* Dataset section
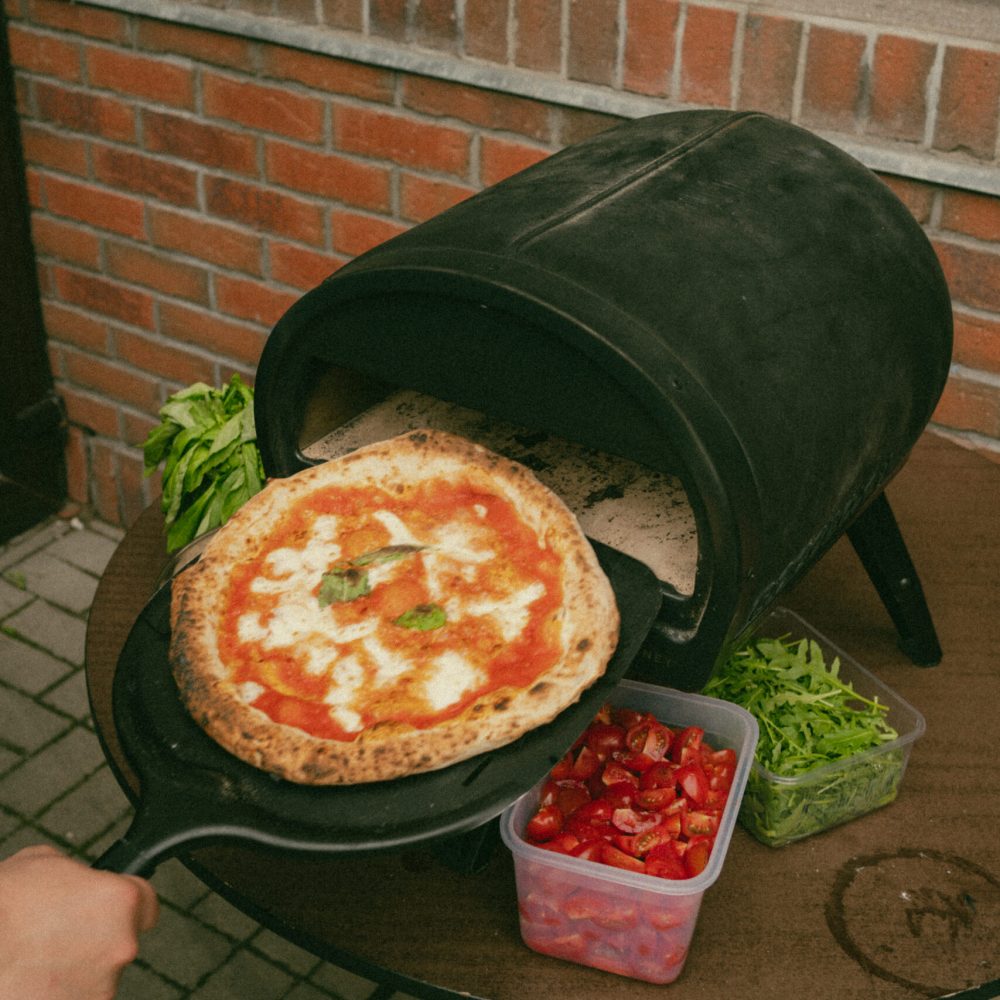 A Moto Margherita with a blistered, leopard-spotted crust on a peel in front of a small dome pizza oven, next to tubs of cherry tomatoes and arugula
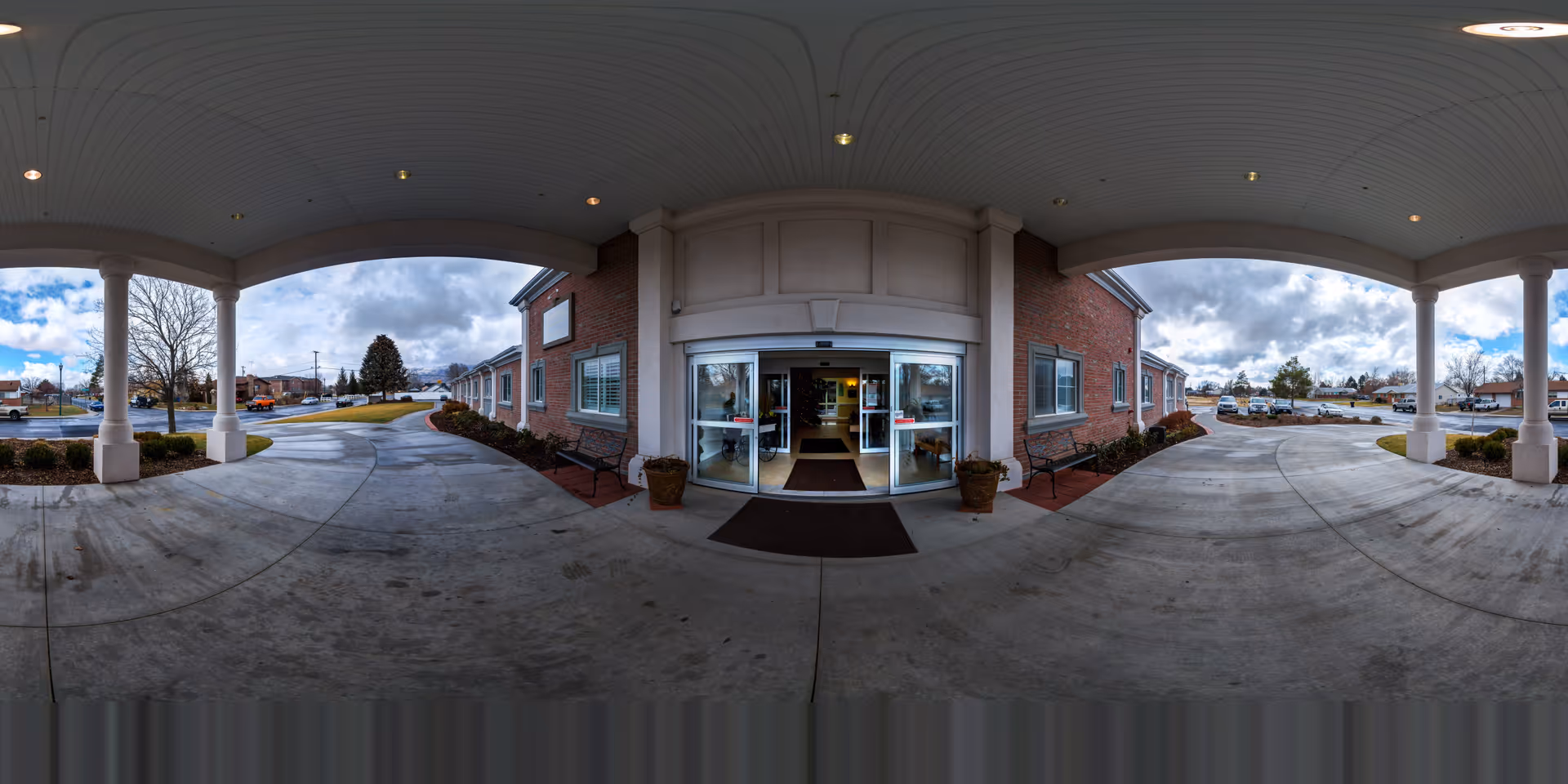Covered entrance area of a brick building with automatic sliding glass doors. There are benches and potted plants on either side of the entrance. The driveway curves around the entrance, and a parking lot with several cars is visible in the background under a partly cloudy sky.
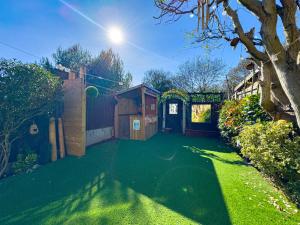a yard with a green lawn with a shed at Basildon Retreat Cozy 3-Bedroom Home in Basildon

* Work to be completed
The line containing "Covered entrance area" and every line after it, through the end of the data, are to be output exactly. Omit the pictures.

* Answer to the exercise
Covered entrance area of a brick building with automatic sliding glass doors. There are benches and potted plants on either side of the entrance. The driveway curves around the entrance, and a parking lot with several cars is visible in the background under a partly cloudy sky.
a yard with a green lawn with a shed at Basildon Retreat Cozy 3-Bedroom Home in Basildon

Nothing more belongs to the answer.